The small percentage of people who own most of the wealth and owe most of unpaid taxes have taken out of the country an estimated 20 billion in the past six months. They realized that the PASOK regime elected six months ago would pursue tax reform and pursue tax evaders. Besides tax evasion by the elites and street vendors alike, Greece spends about 4.5% of GDP on defense, a staggering percentage owing in part to NATO commitments–and to defend what exactly other than its borders from its old nemesis Turkey. The EU and IMF do not address defense spending.
While they do address tax evasion, the IMF-EU-dictated policies target labor and middle class, as they encourage government to offer tax incentives to finance capital to attract investment.
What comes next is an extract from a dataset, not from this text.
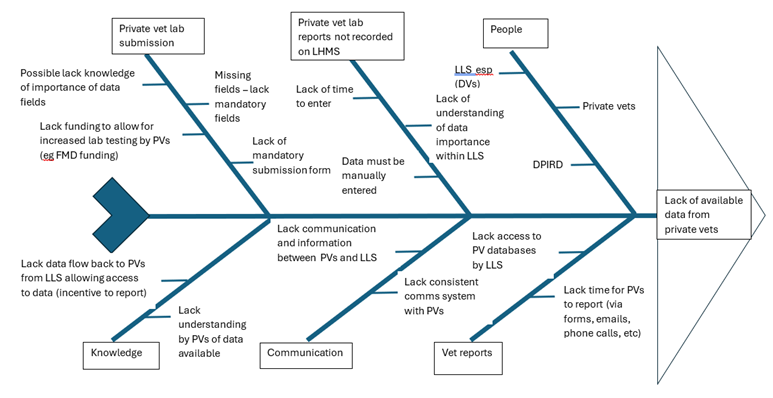 Diagram of causes of lack of data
Monetarist policies fifty years ago that the IMF imposed on borrowing nations in Latin America, Asia and Africa resulted in mass income distribution from the bottom of the social ladder up and from the borrower (invariably underdeveloped) to the creditor (developed) countries.
In their quest to preserve and strengthen finance capitalism and uneven economic development justified by the same neo-liberal ideology that caused the crisis of 2008-2011, IMF policies working to strengthen the advanced capitalist countries will continue to precipitate social unrest on a global scale and to undermine fragile democratic institutions in semi-developed and underdeveloped countries. After the Great Depression resulted in financial retrenchment from the less developed to the advanced capitalist countries, the latter squeezed as much capital as they could from the former to help strengthen their economies. Today we see the exact same process unfolding on a world scale. The question is what price is the G-7 willing to pay if/when social and political instability begins to spread throughout the world?
Offered in periodic installments, the IMF-EU package for Greece amounts to 110 billion euros, but the government in Athens has granted 100 billion to banks, a number of them foreign-owned; 100 billion in loans and guarantees that have come from the middle class and labor. Although the EU-IMF agreed to modestly lower the interest rate and extend the payment period for the loans because it is impossible for Greece to service the loans, the public debt to GDP ratio will be more than 160% in two years.
If we calculate the combined sovereign debt with that of pension funds, public enterprises, and private debt, the aggregate debt is just under one trillion euros, while the GDP is less than one-third that amount. The tragedy of contemporary Greece is that the generation now in the labor force, as well as the next four generations are condemned to work so their government can pay off mostly foreign creditors instead of building their future under a socially just society. The financial and political elites of Greece, the US and EU have stolen their future; a situation not much different that the ones in Ireland, Portugal and Spain.